Most of the above cases reflect live allegations in EC and CMA investigations, while the Meta action bears similarities to the Bundeskartellamt data case (awaiting ECJ judgment following the positive opinion of Advocate General Rantos). Claimant firms and litigation funders are actively looking through the EC / CMA dominance docket and seeking class representatives willing to bring claims on an opt-out basis – and they are not willing to wait for an infringement decision before pressing ahead.
With the European Collective Redress Directive due to be implemented by Member States in the coming months, global companies are likely to face an increased number of collective claims across multiple jurisdictions.

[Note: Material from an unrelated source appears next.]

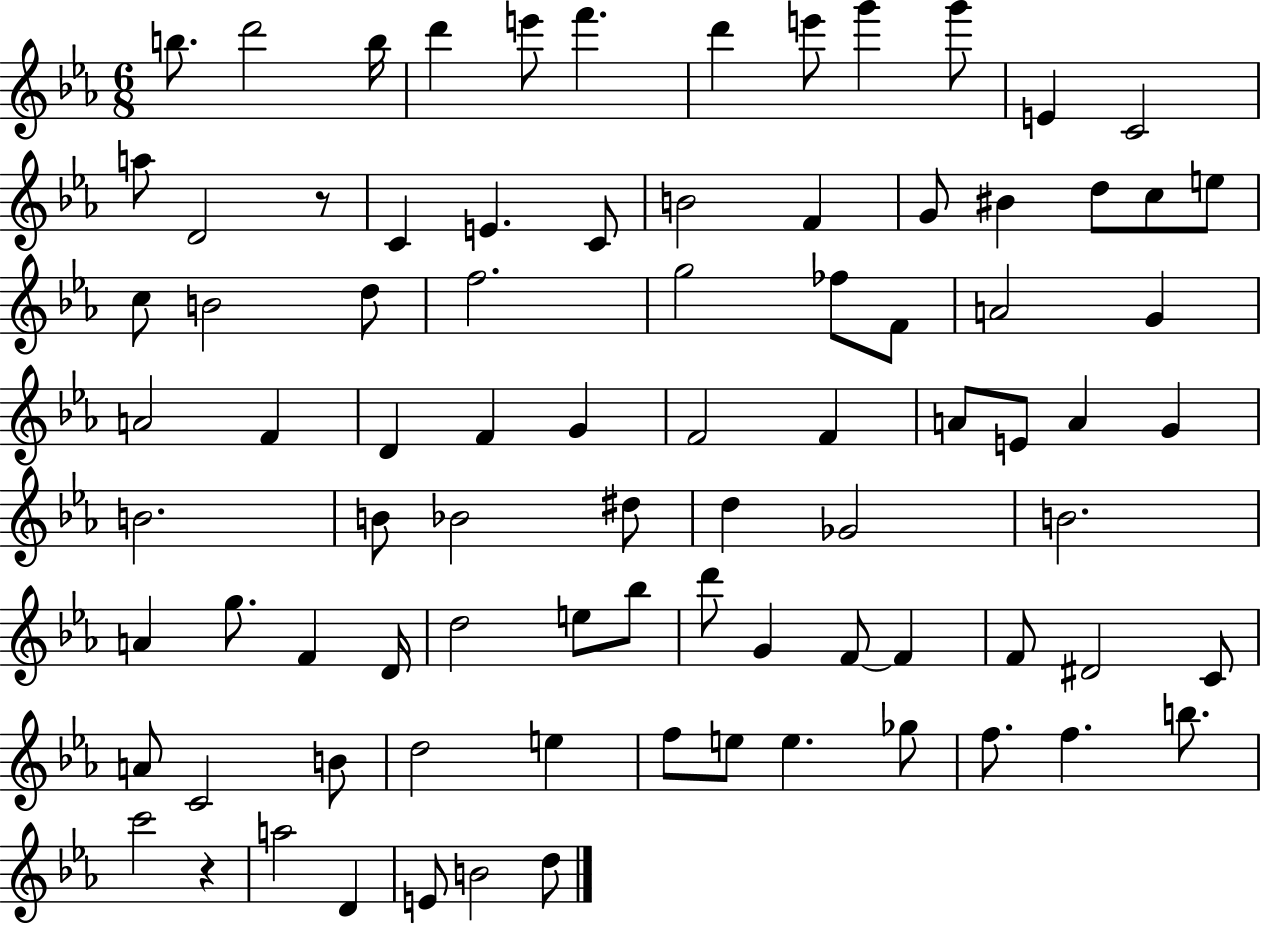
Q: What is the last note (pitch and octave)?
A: D5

The DMA will also doubtless have significant impact on the private enforcement landscape. On the one hand, the universe of potential claims against future “gatekeepers” is likely to grow significantly for claims brought within the EU. At the same time however, the European Commission will no longer need to bring actions against Big Tech for much of the conduct which it has focused on over the past ten years using traditional competition tools, making the read-across of adverse findings under the DMA to non-EU jurisdictions potentially more challenging.
Strikingly, the sky is the limit for the quantum of damages sought in such claims. While claimants will always allege the maximum possible damages pay-out, figures on a UK basis alone dwarf any fine ever imposed by the CMA, and some claims even exceed the total global fines ever imposed in a single antitrust investigation: £2.2bn against Meta; £21.6bn for Google advertising, £920m for Google Play Store and £900m against Amazon.